Using the listing below, set down exactly the lines starting at the line that contains "Sany stc800E5 全路面起重機/吊車" and ending at the line that contains "Vicky’s Full Works Bundle", both included, and no others.

■ INPUT DATA
---

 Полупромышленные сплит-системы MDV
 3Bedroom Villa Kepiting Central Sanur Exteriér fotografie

---

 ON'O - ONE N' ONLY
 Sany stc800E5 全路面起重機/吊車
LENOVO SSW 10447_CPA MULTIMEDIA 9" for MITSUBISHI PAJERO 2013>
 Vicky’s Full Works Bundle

---

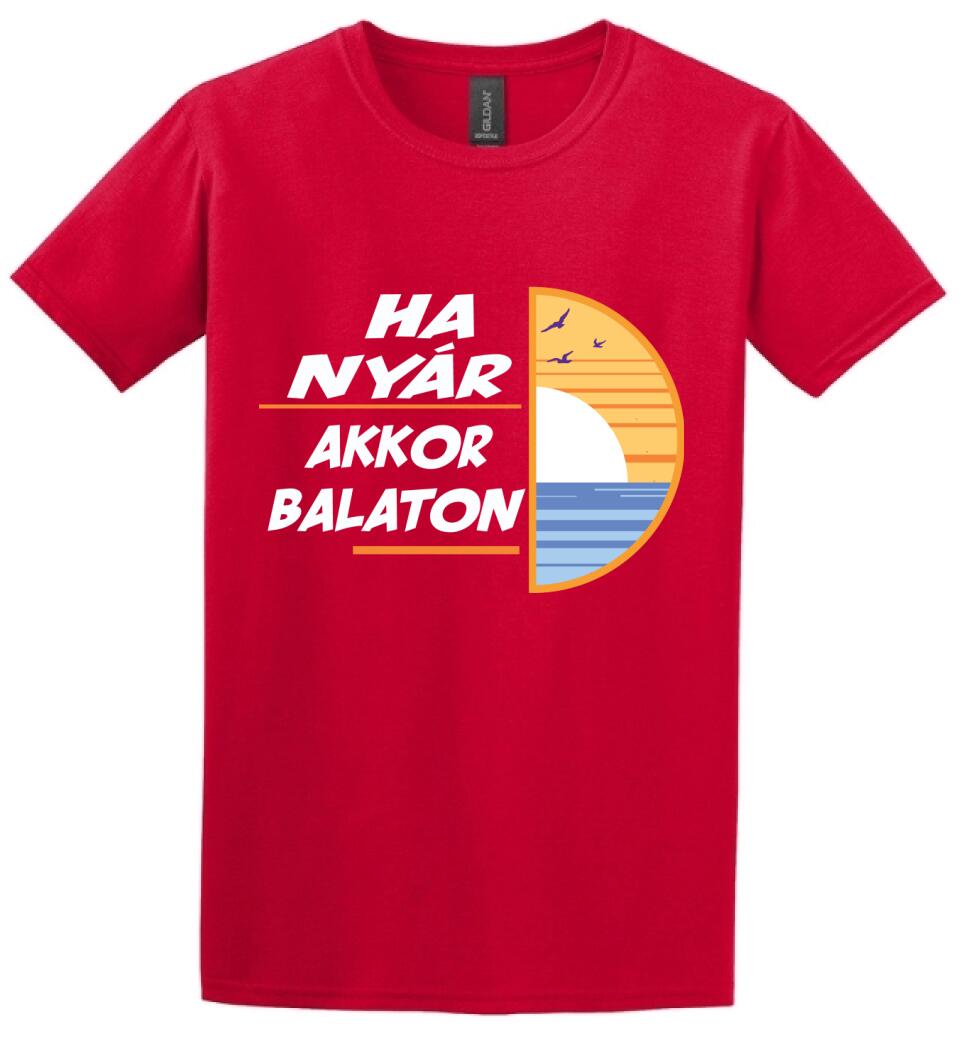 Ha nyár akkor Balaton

---

■ ANSWER FOR THIS EXERCISE
 Sany stc800E5 全路面起重機/吊車
LENOVO SSW 10447_CPA MULTIMEDIA 9" for MITSUBISHI PAJERO 2013>
 Vicky’s Full Works Bundle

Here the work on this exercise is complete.